Short text fragments from websites:
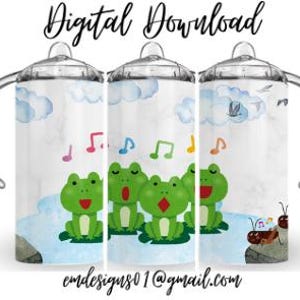 Op de afbeelding: Drie groene kikkers met gesloten ogen zingen op waterlelies in een blauwe vijver. De kikkers worden omringd door witte wolken en muzieknoten. Een kleine bruine mier zit op een rots rechts van de kikkers.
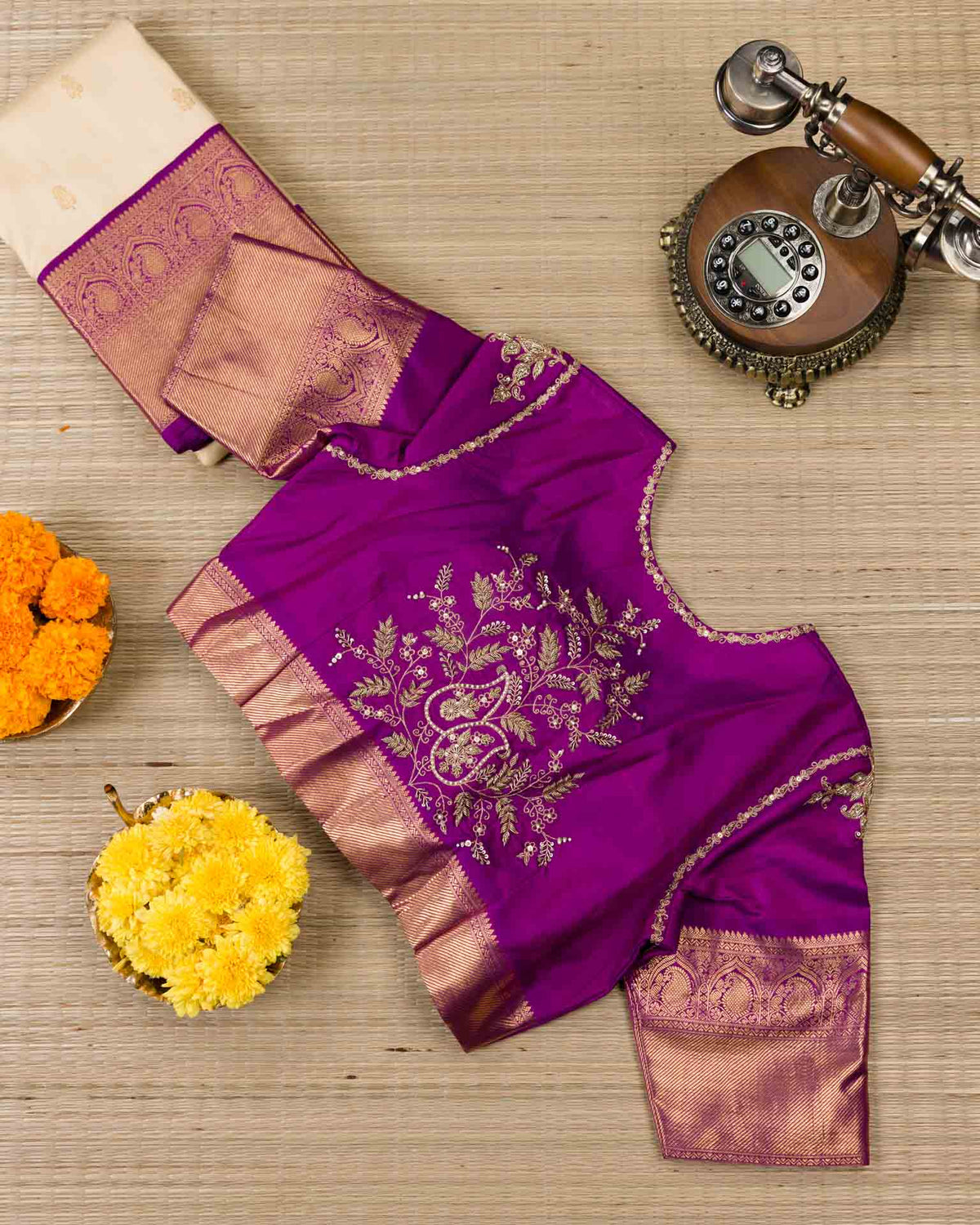 Pure 2gm kanjivaram in beige and purple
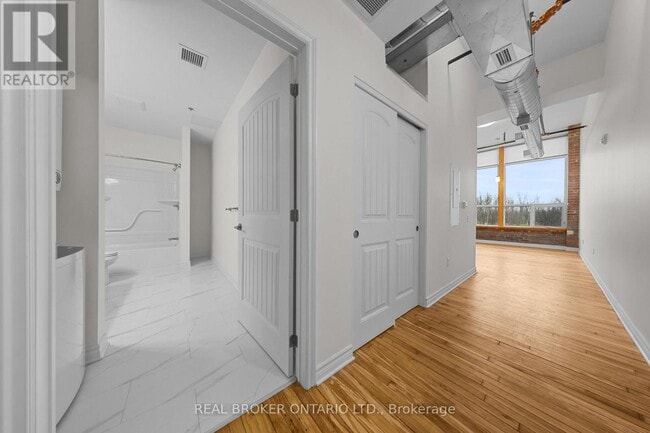 Photo du bâtiment - 150 Mill St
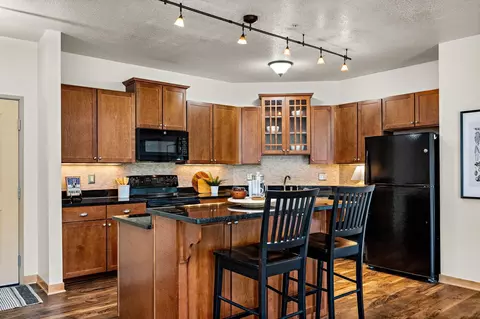 4132 Vernon Ave S #A203, Saint Louis Park, MN 55416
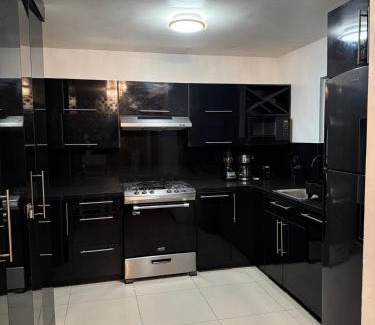 Carlos Pacheco 4 Casa | Casa moderna y elegante en el corazón de Ensenada!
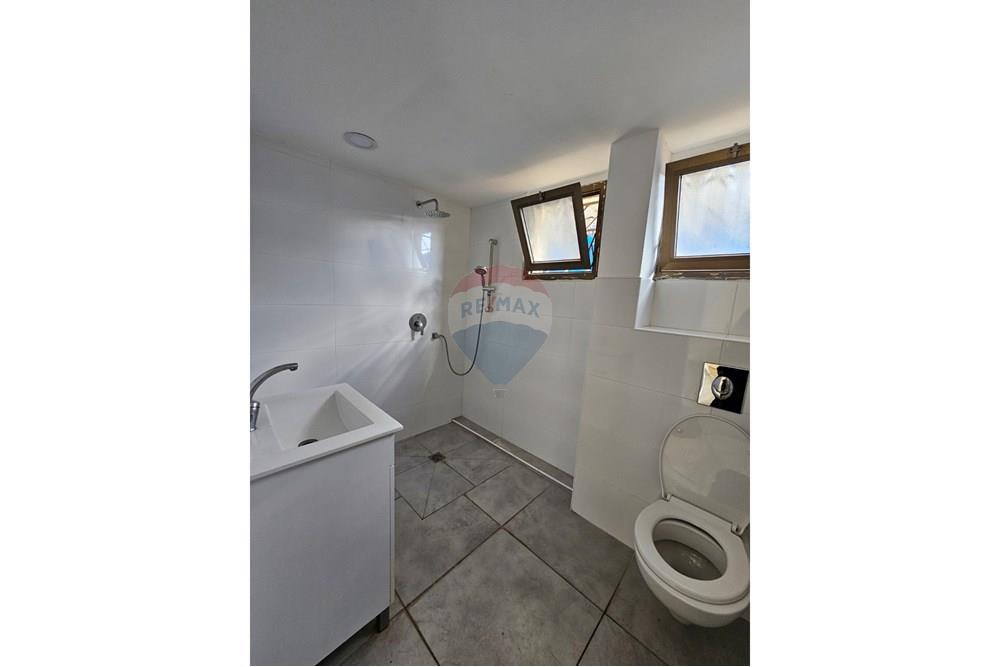 Apartment for Sale in מעלות - Image 6
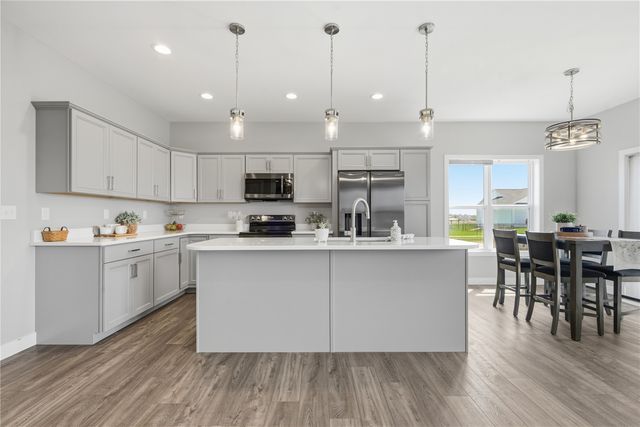 5754 Ridge Stone Ln, Marion, IA 52302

ABOUT THIS EXERCISE
Go to the line above holding "Pure 2gm kanjivaram in beige and purple", then copy exactly each line down to and including the one holding "Apartment for Sale in מעלות - Image 6", leaving pictures out.

SOLUTION BELOW
 Pure 2gm kanjivaram in beige and purple
 Photo du bâtiment - 150 Mill St
 4132 Vernon Ave S #A203, Saint Louis Park, MN 55416
 Carlos Pacheco 4 Casa | Casa moderna y elegante en el corazón de Ensenada!
 Apartment for Sale in מעלות - Image 6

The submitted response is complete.